* **Exercise instructions**
Given the records below, would you repeat exactly the lines that begin at the one containing "Used 2015 Chevrolet" and end at the one containing "Superior Suite in EPIC Hotel & Suites", inclusive?
[[ Material provided, beginning ]]
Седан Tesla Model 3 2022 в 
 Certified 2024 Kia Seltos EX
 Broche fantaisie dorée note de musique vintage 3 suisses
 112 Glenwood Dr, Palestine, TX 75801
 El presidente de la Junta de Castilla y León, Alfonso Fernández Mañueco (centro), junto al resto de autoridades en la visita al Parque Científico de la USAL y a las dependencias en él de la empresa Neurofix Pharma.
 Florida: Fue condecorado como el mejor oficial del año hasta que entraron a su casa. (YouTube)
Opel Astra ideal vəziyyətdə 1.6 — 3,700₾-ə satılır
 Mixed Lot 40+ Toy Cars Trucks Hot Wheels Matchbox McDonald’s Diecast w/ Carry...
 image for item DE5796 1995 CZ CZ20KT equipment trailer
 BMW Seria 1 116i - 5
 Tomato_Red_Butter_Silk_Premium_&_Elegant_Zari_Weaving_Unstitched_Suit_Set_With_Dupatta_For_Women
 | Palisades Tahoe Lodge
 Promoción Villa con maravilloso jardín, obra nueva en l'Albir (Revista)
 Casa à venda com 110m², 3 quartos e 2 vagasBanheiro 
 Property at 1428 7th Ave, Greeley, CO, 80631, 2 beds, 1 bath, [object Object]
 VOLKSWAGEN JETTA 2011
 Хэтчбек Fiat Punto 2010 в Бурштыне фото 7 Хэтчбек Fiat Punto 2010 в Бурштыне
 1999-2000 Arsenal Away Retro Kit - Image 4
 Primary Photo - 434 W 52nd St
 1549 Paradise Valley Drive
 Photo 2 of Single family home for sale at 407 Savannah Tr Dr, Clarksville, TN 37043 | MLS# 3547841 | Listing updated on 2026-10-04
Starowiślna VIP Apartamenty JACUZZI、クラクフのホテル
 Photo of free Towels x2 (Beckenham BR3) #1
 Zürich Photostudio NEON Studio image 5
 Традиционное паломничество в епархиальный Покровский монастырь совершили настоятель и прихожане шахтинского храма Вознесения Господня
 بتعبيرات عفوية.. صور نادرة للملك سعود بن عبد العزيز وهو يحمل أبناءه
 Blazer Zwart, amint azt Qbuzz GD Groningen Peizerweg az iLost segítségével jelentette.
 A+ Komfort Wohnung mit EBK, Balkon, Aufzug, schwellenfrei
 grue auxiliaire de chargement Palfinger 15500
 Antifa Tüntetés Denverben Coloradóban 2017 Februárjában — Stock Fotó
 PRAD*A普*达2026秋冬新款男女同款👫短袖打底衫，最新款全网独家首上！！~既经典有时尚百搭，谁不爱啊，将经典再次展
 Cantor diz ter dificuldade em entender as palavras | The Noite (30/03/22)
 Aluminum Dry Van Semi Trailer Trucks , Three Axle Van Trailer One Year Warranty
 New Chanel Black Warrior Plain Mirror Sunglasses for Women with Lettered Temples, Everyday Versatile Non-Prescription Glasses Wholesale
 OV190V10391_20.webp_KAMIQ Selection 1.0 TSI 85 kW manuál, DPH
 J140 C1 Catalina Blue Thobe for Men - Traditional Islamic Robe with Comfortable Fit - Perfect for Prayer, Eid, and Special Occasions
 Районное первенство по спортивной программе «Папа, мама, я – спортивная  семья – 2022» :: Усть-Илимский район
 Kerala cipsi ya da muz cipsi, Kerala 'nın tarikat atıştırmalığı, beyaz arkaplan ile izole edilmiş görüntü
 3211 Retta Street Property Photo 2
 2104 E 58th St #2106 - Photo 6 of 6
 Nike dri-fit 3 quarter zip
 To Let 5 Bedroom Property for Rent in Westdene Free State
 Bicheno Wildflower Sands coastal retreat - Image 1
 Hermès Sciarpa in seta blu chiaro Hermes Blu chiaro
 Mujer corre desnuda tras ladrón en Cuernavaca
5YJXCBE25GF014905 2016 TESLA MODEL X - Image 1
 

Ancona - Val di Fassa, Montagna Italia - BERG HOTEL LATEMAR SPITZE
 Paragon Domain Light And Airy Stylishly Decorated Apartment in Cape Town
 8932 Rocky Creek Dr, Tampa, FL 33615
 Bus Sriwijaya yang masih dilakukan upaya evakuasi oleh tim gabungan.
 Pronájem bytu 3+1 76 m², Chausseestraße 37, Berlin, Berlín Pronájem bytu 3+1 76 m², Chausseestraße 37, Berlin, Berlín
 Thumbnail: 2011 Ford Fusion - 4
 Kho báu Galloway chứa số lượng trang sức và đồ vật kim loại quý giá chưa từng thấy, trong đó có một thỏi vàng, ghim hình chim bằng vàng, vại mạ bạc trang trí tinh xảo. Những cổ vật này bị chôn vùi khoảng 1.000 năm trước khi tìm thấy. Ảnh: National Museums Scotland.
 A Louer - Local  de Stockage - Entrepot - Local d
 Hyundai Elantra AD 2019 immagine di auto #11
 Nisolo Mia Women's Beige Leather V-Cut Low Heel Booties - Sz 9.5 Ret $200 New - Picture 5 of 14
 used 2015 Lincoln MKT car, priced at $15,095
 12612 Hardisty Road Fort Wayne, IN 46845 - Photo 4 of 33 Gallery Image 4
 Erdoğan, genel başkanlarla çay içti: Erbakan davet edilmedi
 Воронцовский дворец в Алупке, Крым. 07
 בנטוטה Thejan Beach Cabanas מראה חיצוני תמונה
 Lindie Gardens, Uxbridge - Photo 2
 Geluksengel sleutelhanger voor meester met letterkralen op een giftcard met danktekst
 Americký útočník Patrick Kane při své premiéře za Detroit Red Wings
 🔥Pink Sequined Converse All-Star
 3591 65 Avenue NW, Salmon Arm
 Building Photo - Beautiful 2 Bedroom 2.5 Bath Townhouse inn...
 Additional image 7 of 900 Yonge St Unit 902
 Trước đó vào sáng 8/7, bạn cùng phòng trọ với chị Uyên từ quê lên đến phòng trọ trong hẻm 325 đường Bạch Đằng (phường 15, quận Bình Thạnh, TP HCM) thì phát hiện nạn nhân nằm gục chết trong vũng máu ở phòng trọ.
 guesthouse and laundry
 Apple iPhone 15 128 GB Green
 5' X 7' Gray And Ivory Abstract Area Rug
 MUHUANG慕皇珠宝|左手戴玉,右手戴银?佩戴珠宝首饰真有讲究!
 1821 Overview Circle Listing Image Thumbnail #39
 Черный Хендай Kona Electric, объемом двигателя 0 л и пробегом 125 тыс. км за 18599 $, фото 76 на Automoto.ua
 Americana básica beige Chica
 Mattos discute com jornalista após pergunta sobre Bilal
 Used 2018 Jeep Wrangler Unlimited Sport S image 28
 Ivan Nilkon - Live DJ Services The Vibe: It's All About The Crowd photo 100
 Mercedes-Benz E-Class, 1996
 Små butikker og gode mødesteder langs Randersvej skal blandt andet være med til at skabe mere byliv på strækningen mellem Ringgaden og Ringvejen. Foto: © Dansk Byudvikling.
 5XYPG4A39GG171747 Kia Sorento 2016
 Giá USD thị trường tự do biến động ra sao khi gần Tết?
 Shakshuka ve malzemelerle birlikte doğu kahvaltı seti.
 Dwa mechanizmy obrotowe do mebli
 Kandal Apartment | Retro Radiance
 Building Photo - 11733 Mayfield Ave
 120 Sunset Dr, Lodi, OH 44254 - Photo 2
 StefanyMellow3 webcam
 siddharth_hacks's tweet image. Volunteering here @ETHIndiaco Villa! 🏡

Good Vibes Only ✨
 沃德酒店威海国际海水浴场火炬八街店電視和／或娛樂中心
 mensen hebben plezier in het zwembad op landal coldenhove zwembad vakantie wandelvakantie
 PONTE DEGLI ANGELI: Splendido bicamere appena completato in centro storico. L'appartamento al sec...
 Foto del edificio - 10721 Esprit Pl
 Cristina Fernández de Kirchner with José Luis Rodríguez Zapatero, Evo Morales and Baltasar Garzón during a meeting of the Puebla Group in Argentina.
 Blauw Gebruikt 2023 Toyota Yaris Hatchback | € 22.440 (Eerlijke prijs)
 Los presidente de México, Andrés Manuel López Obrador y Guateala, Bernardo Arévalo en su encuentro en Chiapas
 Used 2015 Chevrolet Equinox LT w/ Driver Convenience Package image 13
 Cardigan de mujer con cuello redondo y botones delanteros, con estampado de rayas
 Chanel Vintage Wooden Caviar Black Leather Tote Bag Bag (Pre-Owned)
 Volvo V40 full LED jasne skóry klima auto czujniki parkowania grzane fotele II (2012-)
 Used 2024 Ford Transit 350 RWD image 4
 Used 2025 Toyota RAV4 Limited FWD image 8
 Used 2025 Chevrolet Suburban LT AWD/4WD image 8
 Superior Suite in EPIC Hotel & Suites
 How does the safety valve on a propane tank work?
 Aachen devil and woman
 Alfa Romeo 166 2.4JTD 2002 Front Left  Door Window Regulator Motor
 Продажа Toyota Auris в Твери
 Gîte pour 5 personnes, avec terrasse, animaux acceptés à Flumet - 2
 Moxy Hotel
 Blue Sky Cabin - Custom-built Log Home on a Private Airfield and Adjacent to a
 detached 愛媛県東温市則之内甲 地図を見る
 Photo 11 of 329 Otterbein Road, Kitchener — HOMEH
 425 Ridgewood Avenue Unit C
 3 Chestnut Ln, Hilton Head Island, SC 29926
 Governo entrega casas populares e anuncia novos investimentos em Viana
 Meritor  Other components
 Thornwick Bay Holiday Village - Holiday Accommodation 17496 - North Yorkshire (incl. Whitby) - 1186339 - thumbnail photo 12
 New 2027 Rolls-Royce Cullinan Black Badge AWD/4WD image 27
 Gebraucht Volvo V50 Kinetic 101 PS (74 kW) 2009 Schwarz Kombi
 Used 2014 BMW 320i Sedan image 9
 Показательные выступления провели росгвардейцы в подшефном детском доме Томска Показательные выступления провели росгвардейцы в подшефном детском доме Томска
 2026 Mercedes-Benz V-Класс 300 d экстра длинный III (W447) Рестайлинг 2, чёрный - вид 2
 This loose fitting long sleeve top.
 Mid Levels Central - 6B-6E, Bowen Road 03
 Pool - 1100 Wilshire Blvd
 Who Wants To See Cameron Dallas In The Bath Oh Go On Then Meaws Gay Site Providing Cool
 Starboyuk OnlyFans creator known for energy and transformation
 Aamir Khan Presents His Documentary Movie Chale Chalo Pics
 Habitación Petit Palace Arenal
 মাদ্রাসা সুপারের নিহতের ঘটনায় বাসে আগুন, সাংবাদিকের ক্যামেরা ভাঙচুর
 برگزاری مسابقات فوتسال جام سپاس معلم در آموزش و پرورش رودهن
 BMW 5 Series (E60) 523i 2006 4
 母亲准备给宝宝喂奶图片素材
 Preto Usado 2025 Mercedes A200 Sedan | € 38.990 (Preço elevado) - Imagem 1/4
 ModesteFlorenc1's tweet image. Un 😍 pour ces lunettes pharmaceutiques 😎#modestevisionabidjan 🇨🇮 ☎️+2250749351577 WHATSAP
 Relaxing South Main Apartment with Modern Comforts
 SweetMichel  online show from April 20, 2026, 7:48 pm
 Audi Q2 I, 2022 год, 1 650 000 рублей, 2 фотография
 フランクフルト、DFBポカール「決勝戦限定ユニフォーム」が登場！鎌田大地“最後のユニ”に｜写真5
[[ Material provided, end ]]
* **Exercise response**
 Used 2015 Chevrolet Equinox LT w/ Driver Convenience Package image 13
 Cardigan de mujer con cuello redondo y botones delanteros, con estampado de rayas
 Chanel Vintage Wooden Caviar Black Leather Tote Bag Bag (Pre-Owned)
 Volvo V40 full LED jasne skóry klima auto czujniki parkowania grzane fotele II (2012-)
 Used 2024 Ford Transit 350 RWD image 4
 Used 2025 Toyota RAV4 Limited FWD image 8
 Used 2025 Chevrolet Suburban LT AWD/4WD image 8
 Superior Suite in EPIC Hotel & Suites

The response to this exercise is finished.